Project 5 - Part 2
1.
I first imported all the necessary libraries and read the city_persons.csv file as a data frame. Then I dropped all the null values and converted values from “age” and “edu” columns to integers. Variable “wealthC” is selected as the target and stored in y. All other variables are selected as features and stored in X.
2.
For K-nearest neighbors classification method without adding a distance weight, at optimal k value of 67, the testing score is 0.5485602733040508. All the training and testing scores at range (50, 80) are shown the on plot below. For K-nearest neighbors classification method after adding a distance weight, at optimal k value of 83, the testing score is 0.4978038067349927. It seems that adding a distance weight even reduces the testing score. All the training and testing scores at range (70, 85) are shown on the plot below.
3.
For the logistic regression model, the training score is 0.5465494791666666 and the testing score is 0.5558809175207419. Compared K-nearest neighbors classification method, the accuracy improves slightly and the overfitting problem of KNN no longer exists for logistic regression model.
4.
For the random forest model without standardization:
When number of estimators = 100, the training score is 0.7962239583333334, and testing score is 0.4904831625183016.

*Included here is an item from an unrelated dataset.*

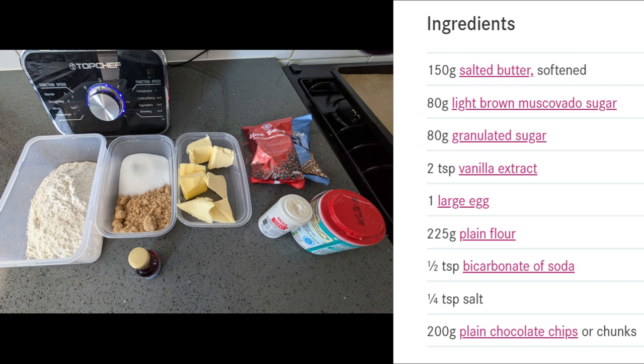I got the recipe from the BBC Good Food website, so I'll provide the link to the recipe in the description of the video. Rather than explaining every single ingredient, I'll just put the ingredients list on the screen so you can read it there, because it's a lot easier than me explaining everything.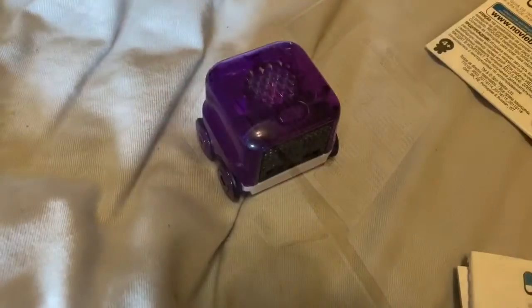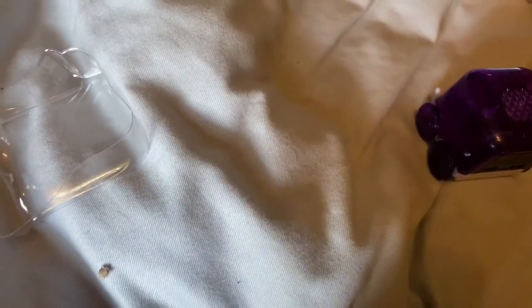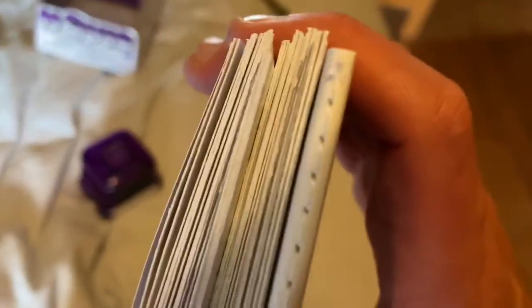We're gonna do a jump cut — okay, I got it out of the box. It came with a lot of instruction manuals. Look how many instruction manuals it has — I think they overkilled. Okay, let's just turn this on. I'll put it on the ground. That's off, this is on.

When number of estimators = 500, the training score is 0.7962239583333334, and testing score is 0.488530990727184.
When number of estimators = 1000, the training score is 0.7962239583333334, and testing score is 0.49097120546608103.
When number of estimators = 5000, the training score is 0.7962239583333334, and testing score is 0.49194729136163984.
Generally, all the models produce similar result, but the specification of 5000 estimators returns the highest accuracy. From a range of (20, 30) for minimum number of samples to split, the number of 22 returns the best results with testing score at 0.5461200585651538.
For the random forest model after standardization:
When number of estimators = 100, the training score is 0.7962239583333334, and testing score is 0.49487554904831627.
When number of estimators = 500, the training score is 0.7962239583333334, and testing score is 0.4958516349438751.
When number of estimators = 1000, the training score is 0.7962239583333334, and testing score is 0.4997559785261103.
When number of estimators = 5000, the training score is 0.7962239583333334, and testing score is 0.4997559785261103.
5.
After recoding the wealth classes 2 and 3 into a single outcome, I tested all the previous models.
For K-nearest neighbors classification method without adding a distance weight, at optimal k value of 77, the testing score is 0.5514885309907271. All the training and testing scores at range (50, 80) are shown on the plot below.
For K-nearest neighbors classification method after adding a distance weight, at optimal k value of 83, the testing score is 0.5217179111761835. It seems that adding a distance weight reduces the testing score again. All the training and testing scores at range (70, 85) are shown on the plot below.
For the logistic regression model, the training score is 0.5465494791666666 and the testing score is 0.5627135187896535. Compared K-nearest neighbors classification method, the accuracy of logistic regression model also improves slightly this time .
For the random forest model without standardization:
When number of estimators = 100, the training score is 0.7906901041666666, and testing score is 0.49633967789165445.
When number of estimators = 500, the training score is 0.7906901041666666, and testing score is 0.49389946315275746.
When number of estimators = 1000, the training score is 0.7906901041666666, and testing score is 0.4997559785261103.
When number of estimators = 5000, the training score is 0.7906901041666666, and testing score is 0.4958516349438751.
Generally, all the models produce similar result, but the specification of 1000 estimators returns the highest accuracy. From a range of (20, 30) for minimum number of samples to split, the number of 28 returns the best results with testing score at 0.5441678867740362.
For the random forest model after standardization:
When number of estimators = 100, the training score is 0.79296875, and testing score is 0.5017081503172279.
When number of estimators = 500, the training score is 0.79296875, and testing score is 0.5061005368472425.
When number of estimators = 1000, the training score is 0.79296875, and testing score is 0.513909224011713.
When number of estimators = 5000, the training score is 0.79296875, and testing score is 0.5080527086383602.
Recoding the wealth classes 2 and 3 into a single outcome does not change the testing accuracy significantly, but for all models, the testing accuracy increases slightly. Since classes 2 has considerably less observations than all other classes, aggregating it with class 3 may lead to more balanced class numbers, which may improves the model to some degrees.
6.
Despite of the fact that all the models produce similar testing accuracy, the logistic regression model after recoding classes 2 and 3 into a single one produces the best testing results of 0.5627135187896535 in predicting wealth of all persons throughout the large West African capital city being described. All three models improve slightly after the recoding while the logistic regression always produces slightly better result than other two models. It is also the only model without the overfitting problem as it produces similar training and testing scores.